Forgiving Learning- Reform Begins in the Classroom
Rog
Lucido: Forgiving Learning: Reform Begins in the Classroom
By Anthony Cody
on April 6, 2013 8:02 AM
Guest post by Rog Lucido
It seems like education is on a never
ending quest to be 'reformed'. The message continues today: 'American students
are behind those of many countries. Our dominance of military and economic strength
is on the decline. We are losing our competitiveness.' The root cause of this
supposition is laid at the feet of our schools by the corporate world. With
many studies demonstrating that 80 to 90 percent of student achievement is due
to factors outside of school, how can we consider changes in our schooling as
the solution to our business problems?
If we are to improve student engagement
and learning, not for the sake of greater profits, but for the sake of our
children, we need to start in the classroom. It is here where the rationale
should be changed from other-centered to student-centered. Each student comes
to us with their own unique personal history. But they all share a common
humanity and are in possession of a human brain. This brain is the organ for
learning -- not their liver or spleen! If we understand how the brain's
neo-cortex works we will have a way of designing the classroom and school
learning experiences to be brain-friendly. In schools we should not develop a
learning system and then expect that all students will find learning
accessible. Rather, we should seek the healthiest way to cooperate with brain
functioning in learning and the best way to extract information from it.
We know the brain operates at peak
efficiency when it is free from threat, when the relational tone in its
surroundings are supportive and when food and shelter are sufficient. The
brain is a pattern seeker. It wants to 'connect the dots' in any learning
experience in or outside of school: "If I do this then the most plausible
result will follow." It anticipates the future based on past results. It
is continually experimenting, learning from its mistakes and stores those
results in expectation of the next opportunity to try.
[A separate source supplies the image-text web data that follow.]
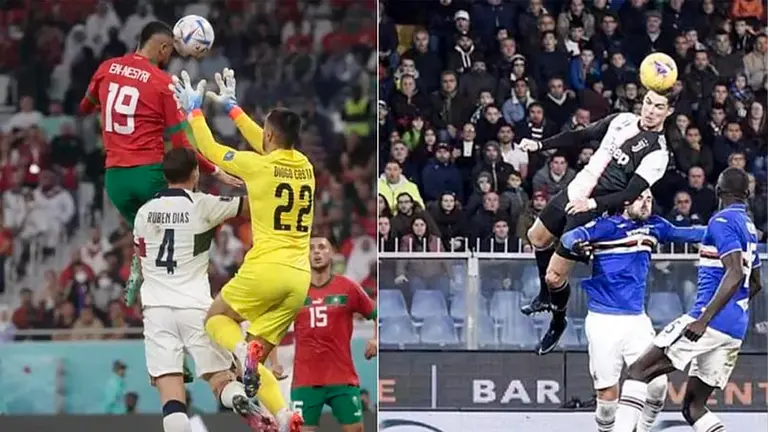 Imagen comparativa de los saltos de En-Nesyri y CR7. MARCA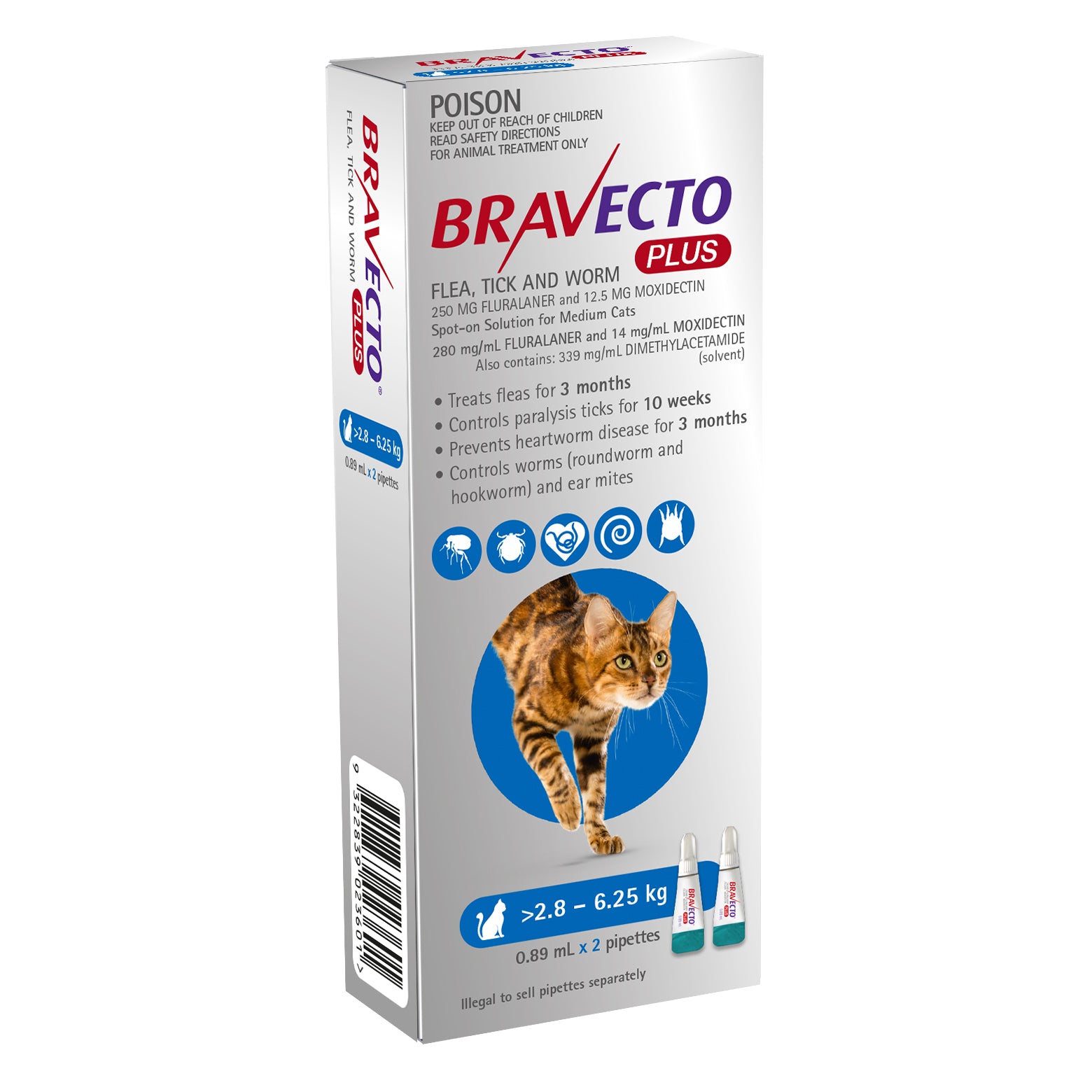 Bravecto Plus Spot-on for Medium Cats - 2 Pack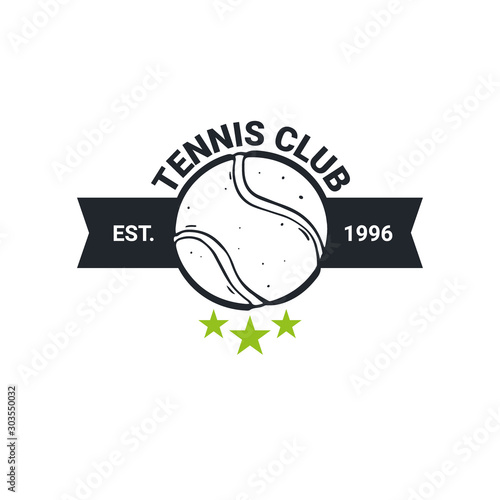 Tennis club or championship logo or emblem. Vector Illustration.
I once took my five children to a local
lake which had a rocky shoreline. No sooner than they had exited the van did
they run to the lakes edge. There was a buoy about thirty yards from shore. For
over an hour they picked up various size stones and tried to hit the buoy. They
rarely did. But they persisted. When they came in for lunch I told them that I
was impressed with their desire to hit the buoy and asked them why they were
doing it. Their answer to a person was, "It was fun!".None offered an
'excuse' for missing nor did I suggest any. I told them I would like to join
them at the shores edge after lunch and record their hits and misses. They did
not want me to do that. They told me it would take all the fun out of it. You
see, they had accepted misses as part of their rock throwing process. Every
throw had an excuse for missing but none was expected and none was given. They
rejoiced whenever they got a hit.
In baseball a good hitter batting .300
gets a hit only 30% of the time. When he makes an out excuses could abound:
"I was fooled.", " I swung too soon." "I swung too
late". There is a lot of failure in baseball. Why do they still keep
coming up to the plate? Each time at bat the player has another opportunity to
have learned from their mistakes and improve. They have accepted failure as part
of the batting process. They make their reasons for failure, their excuses, the
motivation for progress. It is part of the game:
"I've missed more than 9,000 shots
in my career. I've lost more than 300 games, and 26 times I've been trusted to
take the game winning shot and missed. Throughout my life and career I've
failed and failed and failed again. And, that's why I succeed." -- Michael
Jordan
This is one of the major problems in
our schools. We spend much of our time recording hits and misses and subvert
the natural learning process. We do not make processing of mistakes the
centrepiece of the experience. One of my sons is a structural engineer. He
tells me of the many times he must submit his renderings to his superiors and
fellow engineers for review. He says they come back 'bleeding red'. He must
repair his errors and resubmit over and over until they are correct. If not
done properly the building could collapse. People's lives are at stake.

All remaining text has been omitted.